Corbett seeks the maximum fine of $5,000 per violation.

Reached by phone yesterday, Joyce Stoltzfus said the ads she placed contained her identification.

"I had 'CC Pets' in there in the ads," she said.

The Stoltzfuses' lawyer, Michael Winters, did not return a call seeking comment. The Stoltzfuses have 20 days to reply to the petition.

CC Pets sold more than 2,000 puppies in the last year, for between $125 and $900 each, putting it among the state's highest-volume dog sellers.

In 2005, the Stoltzfuses were the subject of the largest-ever state consumer-fraud settlement involving the sale of sick and defective dogs. The suit was filed on behalf of 171 customers who bought sick dogs from the Stoltzfuses, who were then doing business as Puppy Love kennel.

The Stoltzfuses were fined $75,000 in restitution and costs and were required to get health checks for the puppies they sold and identify their kennel in all classified advertising, either by name or as a licensed kennel.

The provision was included so that consumers could research the kennel, which has a history of misrepresenting puppies as healthy, according to the Attorney General's Office.

An Inquirer review last winter found that scores of classified ads placed with The Inquirer and other newspapers and Internet sites failed to identify the business.

The Attorney General's Office filed the contempt petition after the newspapers and Internet sites confirmed that classified ads placed by CC Pets in 2007 and 2008 did not contain any identification.

"I think the bottom line is that an informed consumer is a powerful consumer and the provision was clearly meant to keep consumers informed," said Garen Meguerian, a Chester County lawyer representing a Cape May couple in their consumer fraud suit against CC Pets and its veterinarian, Tom Stevenson. "By taking it out, they kept consumers in the dark about what they were doing."

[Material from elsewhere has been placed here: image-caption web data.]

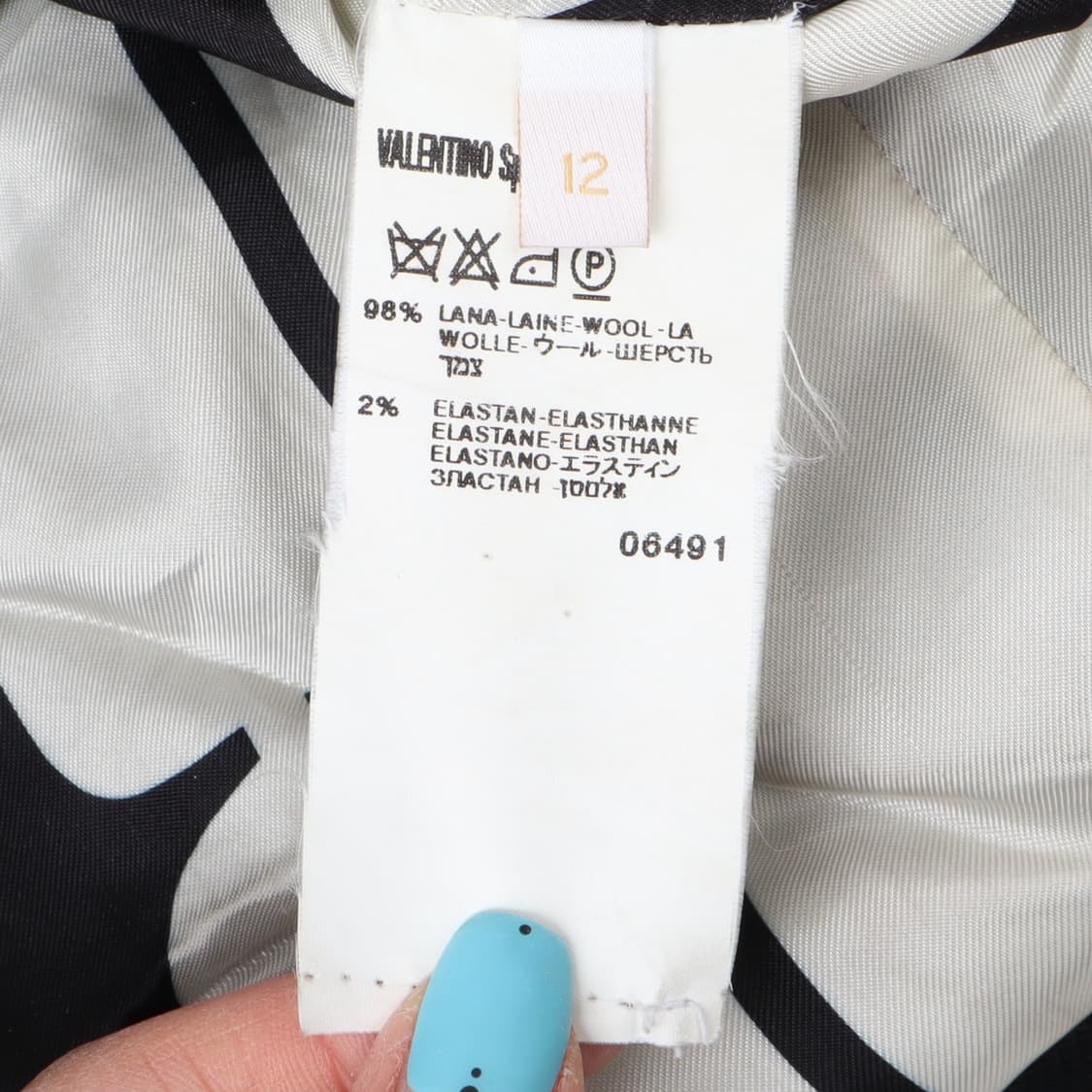 발렌티노 스트럭쳐 1B 라나 울 블레이저 자켓 상품이미지9
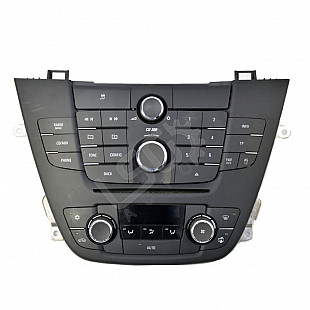 Панел управление климатроник и CD плеър Opel Insignia, ОЕМ 13273252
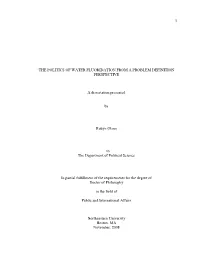 The Politics of Water Fluoridation from a Problem Definition Perspective
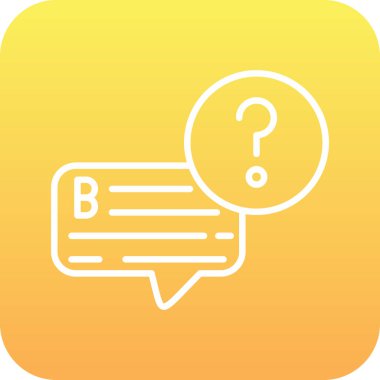 Vektör sohbet simgesi illüstrasyonu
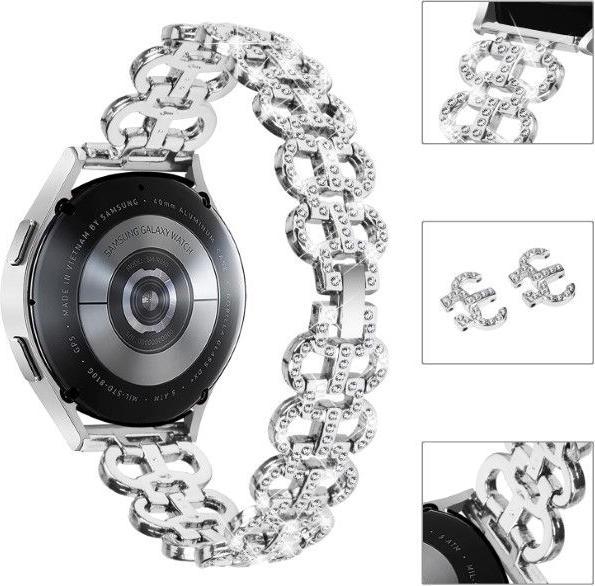 Actual product image MU Style UH Series sparkling stones metal replacement bracelet (20 mm, Metal alloy)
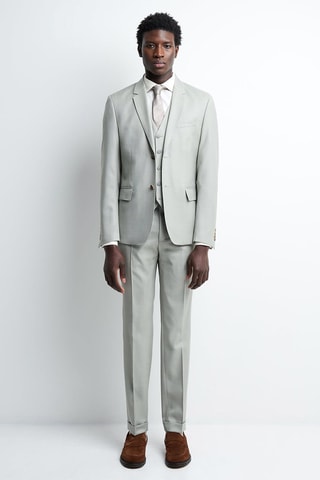 Chaqueta de lana - Verde agua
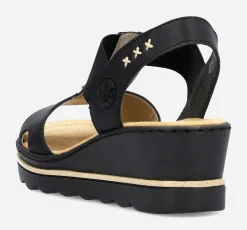RIEKER Rieker|Sandaletter<,Sandaletter med remmar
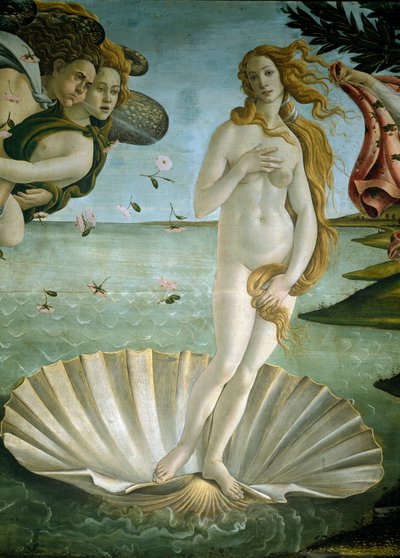 Venus födelse (detalj) av Sandro Botticelli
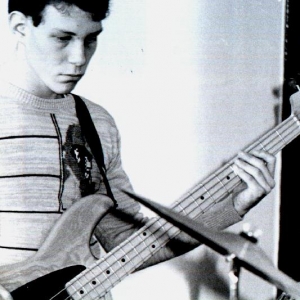 Joe Playing Bass with the Baxmanns Kapelle (Jazz & Big Band) in 1983 HO DE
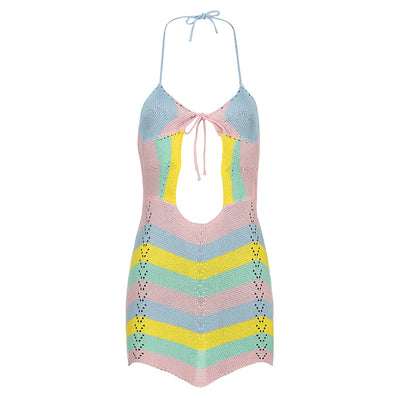 Robe Arc en Ciel Multicolore Pastel YooA Selfish MV Oh My Girl Kpop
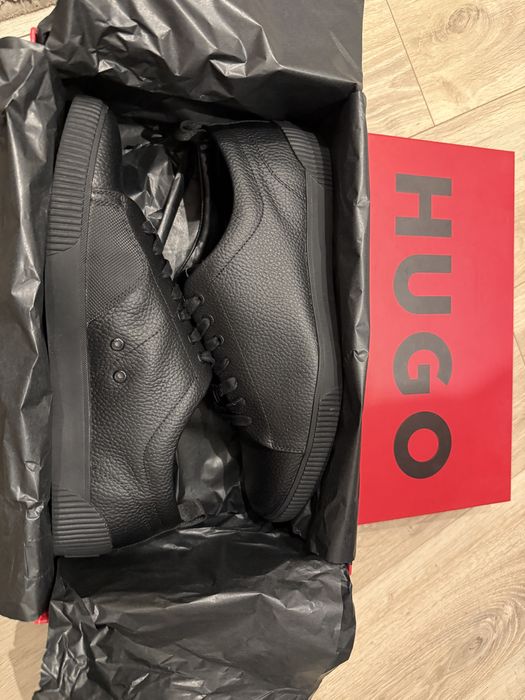 Hugo Boss Zero Tenn – мъжки кожени кецове, черни, номер 46 (30.5 cm)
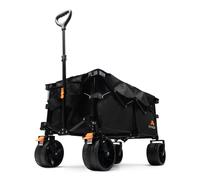 Voyager Heavy duty Camping Wagon 120L - Compact Folding Utility Trolley with All Terrain Wheels - 150kg Weight Capacity - Portable Collapsible Cart for Camping, Festivals, Beach & Outdoor Use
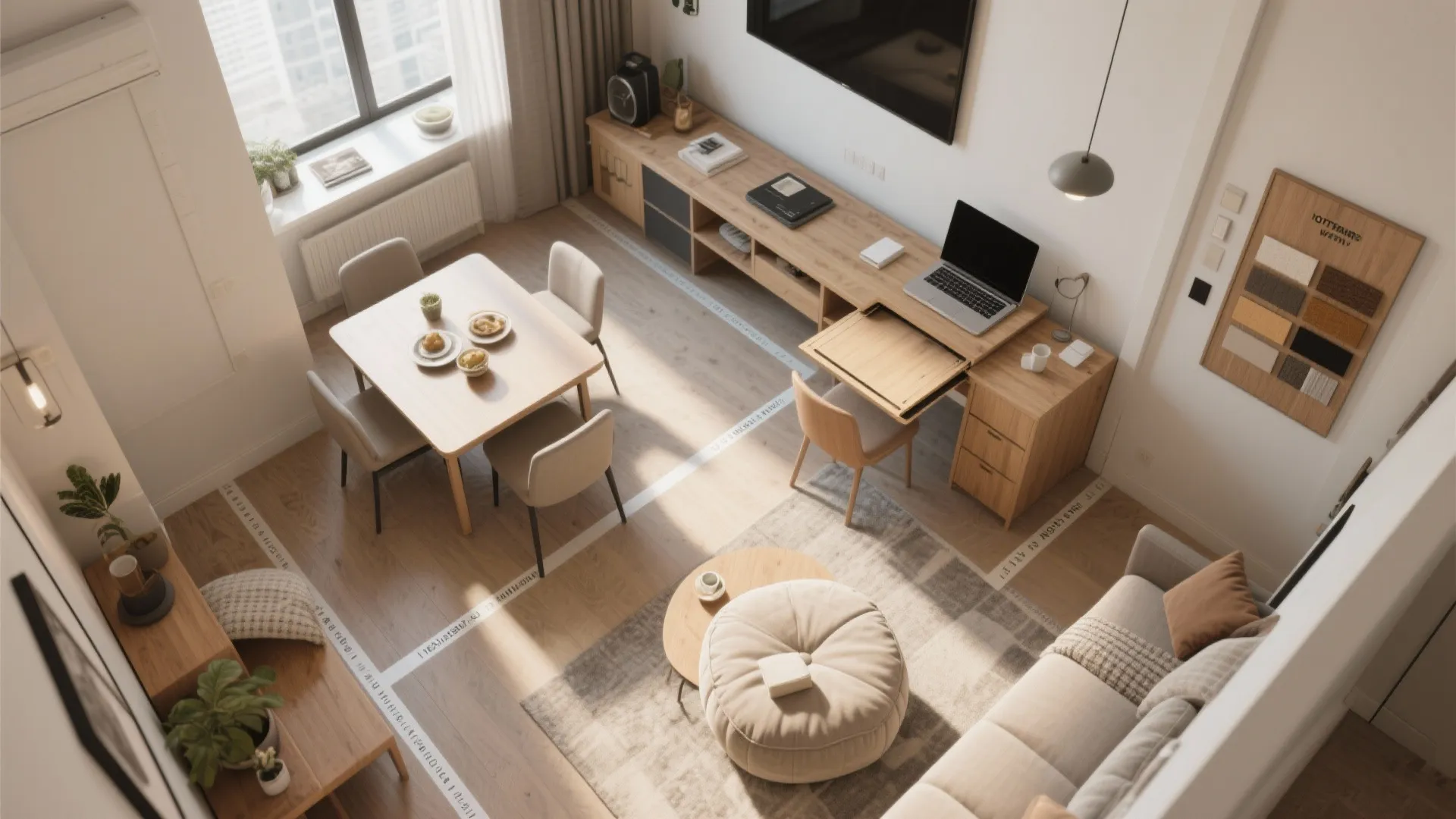 3. Multifunctional Zones for Day-to-Night Use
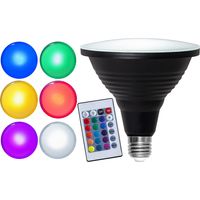 LED Lampa Spotlight Par 38 LED RGBW 15,0W E27 Utomhus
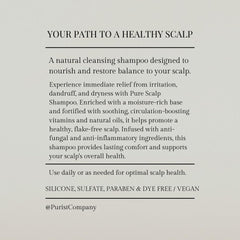 Purist Natural Shampoo vitamin-infused formula supporting scalp vitality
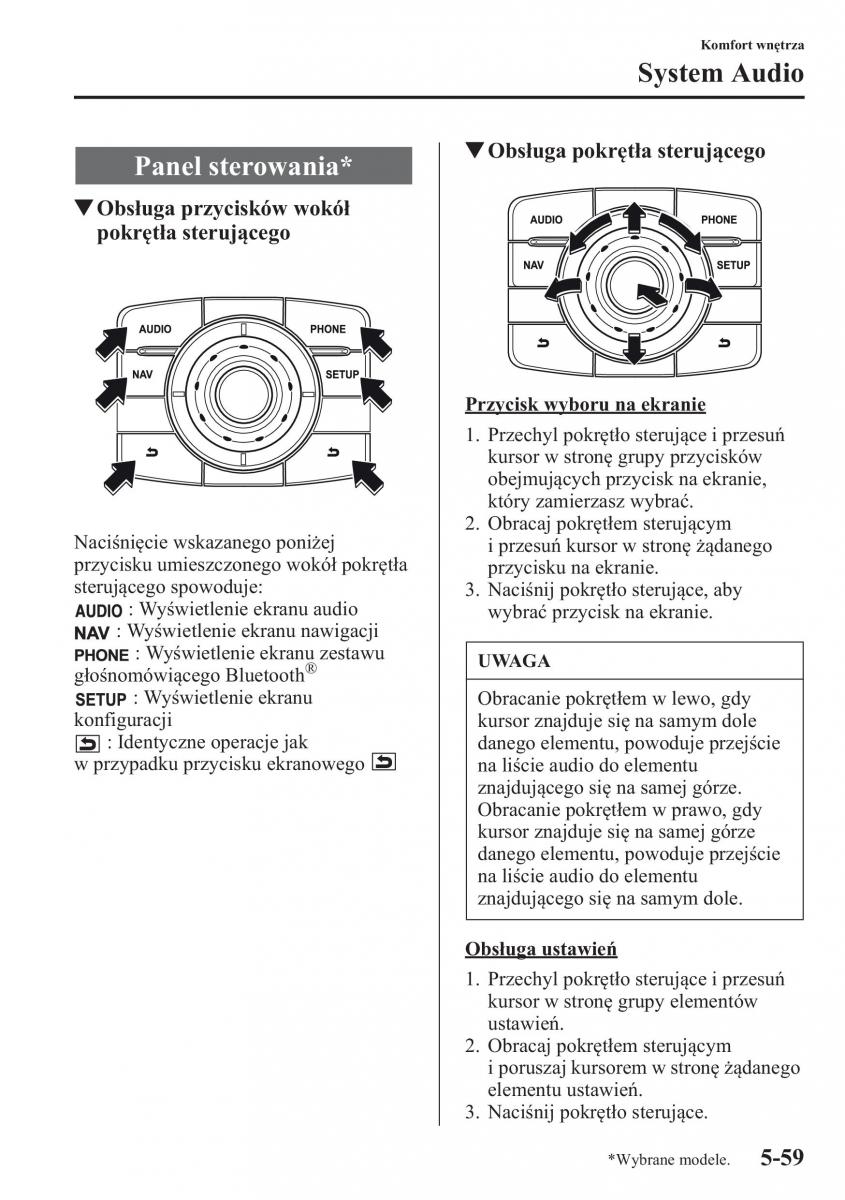 Mazda CX 5 instrukcja obslugi / page 366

Libby Williams, founder of New Jersey Consumers Against Pet Shop Abuse, a clearinghouse for dog-sale complaints, said she had received at least 100 complaints from anguished families who bought what they thought were healthy puppies from the Stoltzfuses.

"They spent a few hundred dollars for a puppy; they never anticipated they'd have to spend thousands more trying to save the dog's life," she said. "The common thread from consumers was, 'I want her shut down. I don't care what it takes.' "

The Stoltzfuses, who have operated a kennel since at least 1986, have a history of legal troubles with the state. In 1997, Attorney General Mike Fisher filed an injunction to close their kennel under the consumer-protection act, alleging that it misrepresented that the puppies it sold were healthy and purebred.

Commonwealth Court found for the Stoltzfuses, saying the state failed to prove that the dogs were sick at the time of sale. A lawsuit filed at the same time by the Attorney General's Office led to the first consent agreement in 2000 and fines totaling $35,000.

The 2005 consent petition - Corbett which touted as placing the strictest-ever consumer protection standards on a kennel - was the result of violations of the 2000 agreement.

The Attorney General's Office has logged 58 consumer complaints about the kennel since 2005.

Corbett's spokesman, Kevin Harley, said the attorney general was confident the classified-ad violations presented a more clear-cut case than the suit over the dog-health issues.

"It's black and white; either they placed the ads or they didn't," Harley said. "We allege they did."